Airstrikes kill at least 10 in district of Syria’s east Aleppo: monitor
Baghdad (Reuters) Airstrikes on Bab al-Nairab in Syria’s rebel-held east Aleppo killed at least 10 people on Tuesday, and left dozens more wounded or missing, a monitor and a rescue service said.
The Syrian Observatory for Human Rights, a Britain-based monitoring group, said air strikes, including barrel bomb drops, hit several eastern Aleppo districts overnight and into Tuesday.
The Syrian military could not be reached for comment.
The civil defence, a rescue service that operates in rebel-held areas of Syria, said Syrian government planes struck Bab al-Nairab as people were trying to flee the neighborhood on foot, killing 25.

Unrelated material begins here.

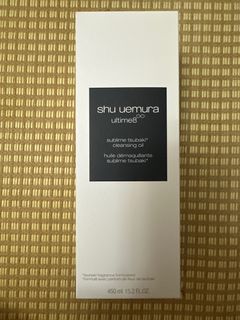 （分類：）位於 。 由 txikime 提交（商品編號 1371702369，圖片 1）。簡介： 。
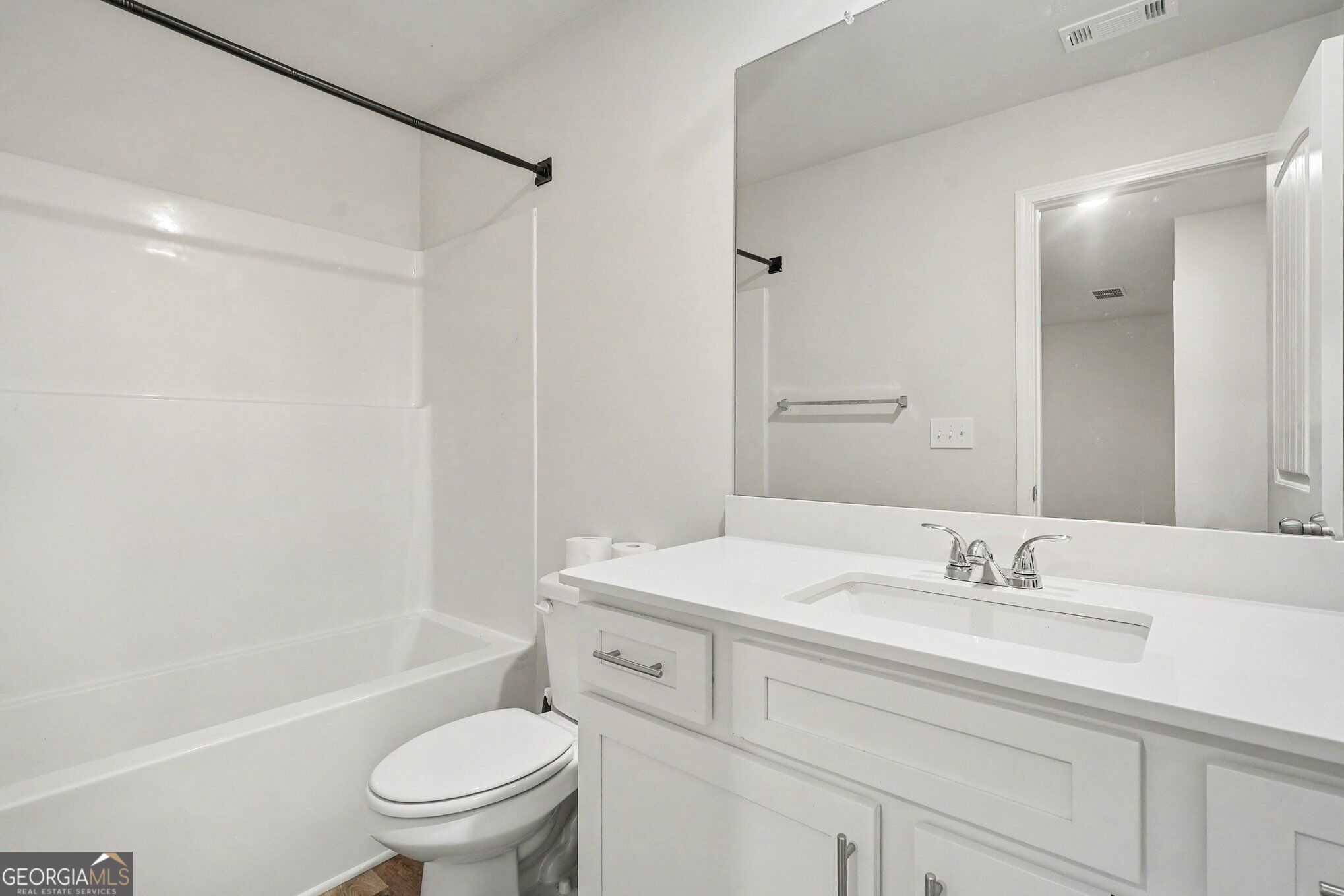 5431 Biltmore Drive Property Photo 28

The Observatory said its death toll of 10 people was expected to rise but that it was unclear if the casualties were displaced people.
Aleppo has for years been divided between the government-held west and rebel-held east, which the Syrian army and allied forces besieged in the summer.
As the Syrian army and its allies made a sweeping advance in recent days, thousands of residents of eastern Aleppo fled shifting frontlines, both within the shrinking rebel-held sector and across to government-held districts.
Up to 16,000 people have been uprooted by the recent attacks, the United Nations humanitarian chief and relief coordinator Stephen O’Brien said, citing initial reports.